WORK INSTRUCTION –
A verbatim copy of the data is wanted, minus any picture in it.

[Captioned web images]

----

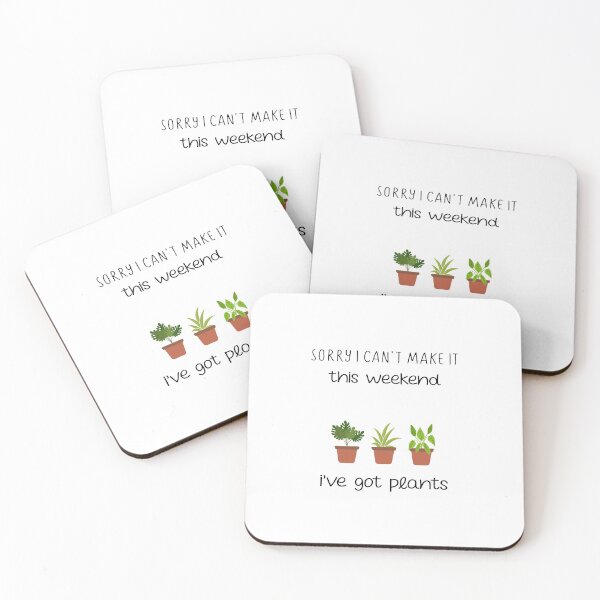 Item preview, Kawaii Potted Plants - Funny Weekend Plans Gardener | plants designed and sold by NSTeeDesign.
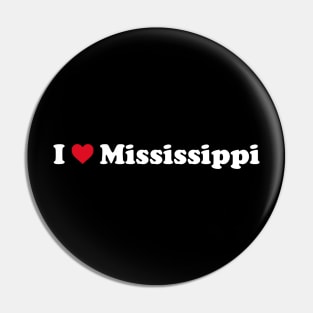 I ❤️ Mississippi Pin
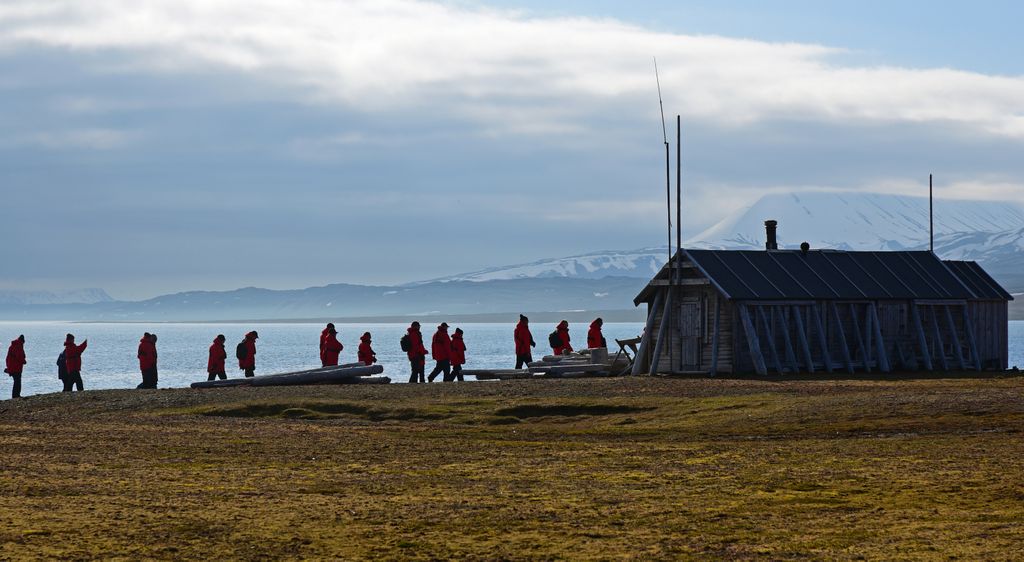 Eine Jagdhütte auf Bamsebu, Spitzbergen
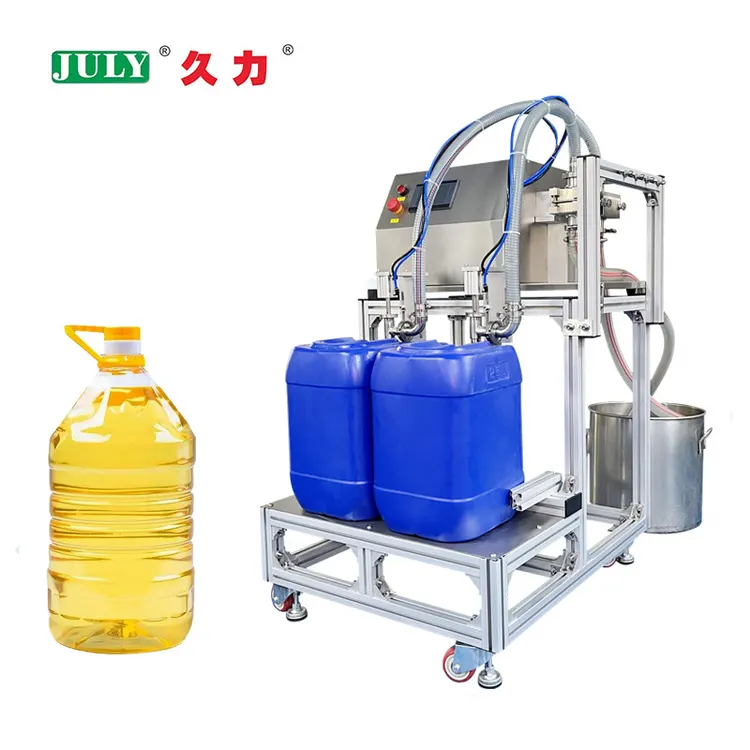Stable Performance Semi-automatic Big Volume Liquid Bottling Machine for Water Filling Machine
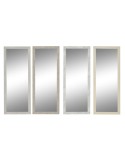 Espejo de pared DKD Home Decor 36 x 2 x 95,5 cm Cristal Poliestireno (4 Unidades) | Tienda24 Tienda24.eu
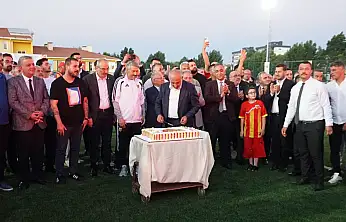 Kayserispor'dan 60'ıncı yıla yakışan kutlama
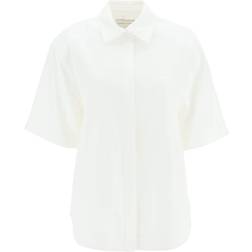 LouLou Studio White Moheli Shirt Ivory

----

WRITTEN SOLUTION –
 Item preview, Kawaii Potted Plants - Funny Weekend Plans Gardener | plants designed and sold by NSTeeDesign.
 I ❤️ Mississippi Pin
 Eine Jagdhütte auf Bamsebu, Spitzbergen
Stable Performance Semi-automatic Big Volume Liquid Bottling Machine for Water Filling Machine
 Espejo de pared DKD Home Decor 36 x 2 x 95,5 cm Cristal Poliestireno (4 Unidades) | Tienda24 Tienda24.eu
 Kayserispor'dan 60'ıncı yıla yakışan kutlama
 LouLou Studio White Moheli Shirt Ivory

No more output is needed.